▶ Assigned task
Could you please output all of the data exactly, without the images?

▶ Dataset section

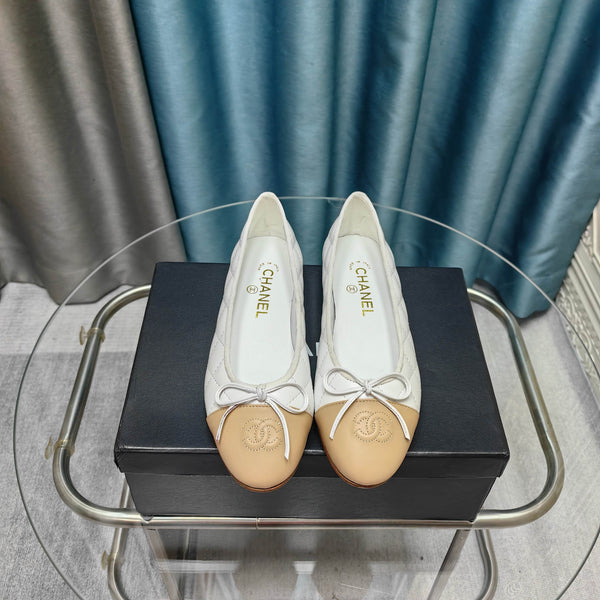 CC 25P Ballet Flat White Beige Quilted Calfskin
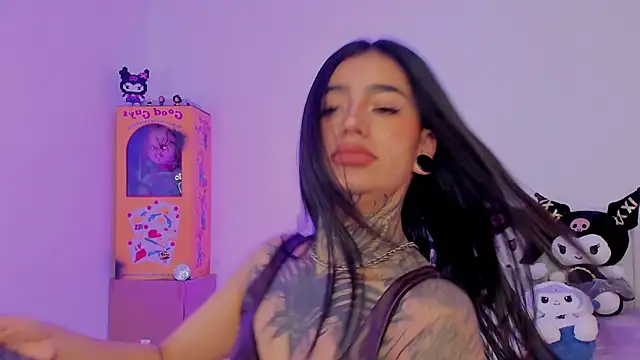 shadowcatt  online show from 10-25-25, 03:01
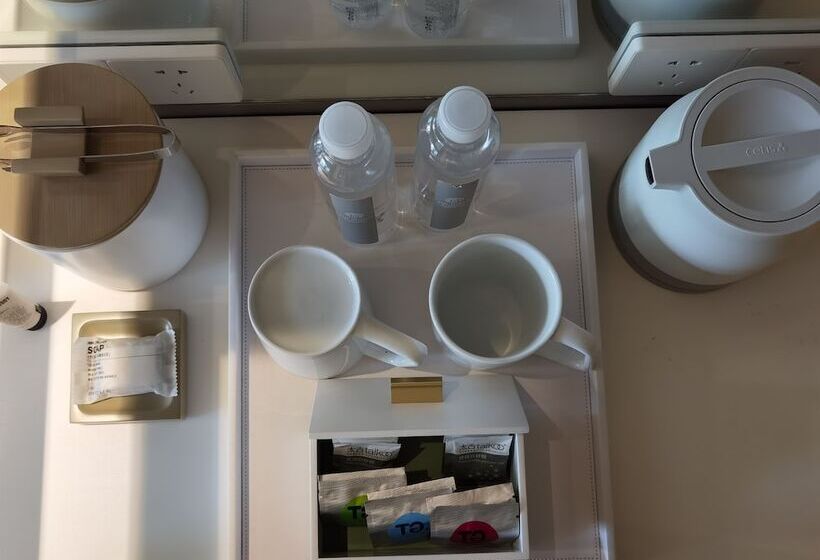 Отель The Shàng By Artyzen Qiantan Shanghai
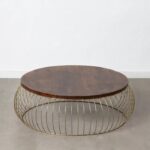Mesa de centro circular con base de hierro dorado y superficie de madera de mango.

▶ Solution for this exercise
 CC 25P Ballet Flat White Beige Quilted Calfskin
 shadowcatt  online show from 10-25-25, 03:01
 Отель The Shàng By Artyzen Qiantan Shanghai
Mesa de centro circular con base de hierro dorado y superficie de madera de mango.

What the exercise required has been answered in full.